Reinhart based his version of pain à l'ancienne on that of Philippe Gosselin. In BBA, Reinhart describes Gosselin's method in very general terms and then says the formula he provides is modified to make it easier for home bakers. In January, 2003 Reinhart sent a message to an internet mailing list which contained a detailed enough account of what Gosselin told him to write a formula. For me, the original formula did not seem more difficult than the one Reinhart published. This is because I almost always bake on weekends when I can accommodate my activities to the original formula. So, I thought I would give it a try. My interpretation of Reinhart's interpretation is as follows:

Pain à l'Ancienne of Philippe Gosselin, as described by Peter Reinhart

Flour.......................500 gms

Water......................375 gms

Salt.........................8.75 gms-

Instant yeast...............5 gms

Mix the flour with 325 gms of ice cold water and refrigerate overnight.

The next day, remove mixture from refrigerator. Add yeast, salt and another 25-50 gms of cold water and mix thoroughly for 4-6 minutes.
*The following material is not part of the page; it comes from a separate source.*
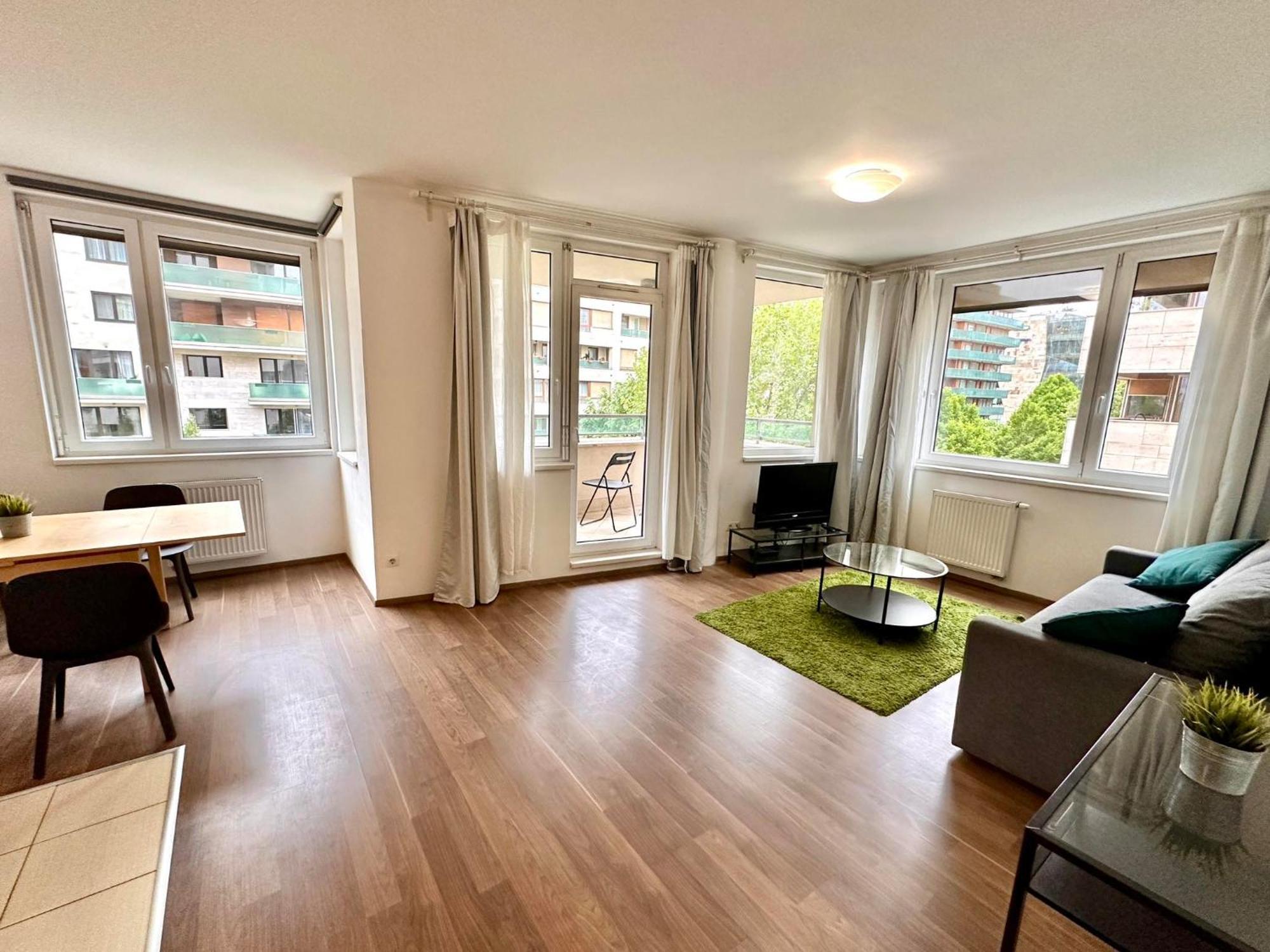 Corvin Center Aparthotel 3*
Ferment at room temperature until doubled in bulk (up to 6 hours).

One hour before baking, preheat oven to 460F.

Divide into 4 equal piece and gently pre-shape into torpedos.

Rest dough 10 minutes.

Shape into baguettes by stretching to 12-14 inches, score and bake immediately with steam at 460F.

The breads I made today used the following modification and extrapolations:

1. I used 50 gms of Guisto's rye flour and 450 gms of KAF Bread Flour.
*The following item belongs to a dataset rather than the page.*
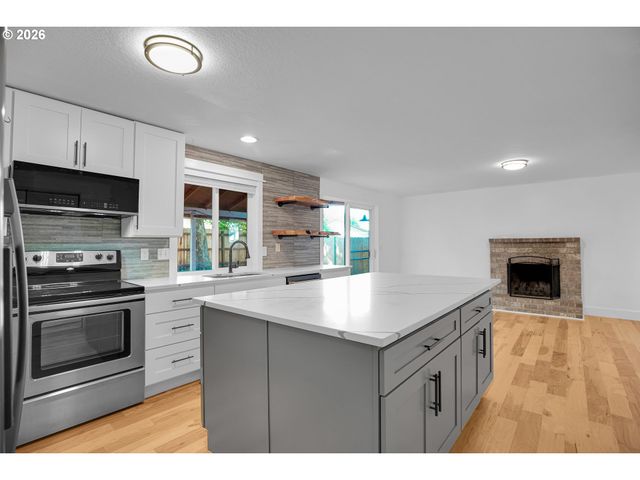 14801 Ne 51ST St, Vancouver, WA 98682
2. After the long "autolyse," I mixed the flour and water with 30 gms of additional water, the yeast and the salt. The autolysed dough had moderate gluten development already and didn't want to take in the additional water with hand stirring, so I did the best I could with a scraper, then mixed in my KitchenAid with the paddle for about 3 minutes, then the dough hook for another 3 minutes. I then transferred the dough to a 2 quart glass pitcher and used Hamelman's in-the-bowl stretch and fold technique - 20 folds, 3 times at 20 minute intervals over the first hour. I then let the dough rest, covered, until doubled.
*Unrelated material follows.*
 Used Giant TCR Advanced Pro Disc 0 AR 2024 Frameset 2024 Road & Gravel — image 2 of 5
3. Gosselin's instructions to Reinhart indicated the dough would take 6 hours to double. In my (warm) kitchen today, it doubled in 4 hours.

4. I emptied the dough onto a flour-dusted board and dusted the top. I divided the dough into 3 parts. I pre-shaped the two smaller ones into rectangles and folded each long side to the middle and sealed the seams. Those, I rested with the seams down for about 10 minutes then stretched into "baguettes" and placed them on floured parchment paper. The larger piece was just cut in half to make pain rustique, rested and similarly placed on parchment.

5. I baked at 460F with steam on a pizza stone. After 7 minutes, I removed the loaf pan and skillet and continued to bake for a total of 20 minutes. I then turned the oven off, cracked it open, and left the loaves on the stone for an additional 5 minutes.

Comments

These breads had a nice, crunchy crust and an open, tender, somewhat chewy crumb. The taste was classic sweet baguette - as good as I have ever made. My wife liked it, but said she preferred the taste of the Anis baguettes with sourdough added. No surprise, as we are both partial to sourdough breads.

I was concerned that the pre-shaping of the baguettes, which Reinhart does not call for in his adaptation of Gosselin's formula, would decrease the openness of the crumb too much. It was more open than I expected. I guess I have learned to handle dough gently enough. On the other hand, it would be worthwhile to try making baguettes with this method but just cutting the dough and stretching it, without any other shaping, to see if the crumb would be even more open.

If your baking schedule allows for Gosselin's method, I would certainly recommend you give it a try. In my hands, it makes very fine baguettes.

The pains rustique require no forming, and are essentially like ciabattas. Reinhart says this dough can also be stretched into a circle or rectangle and used for pizza. I have not tried that and would be interested in hearing from anyone who does so.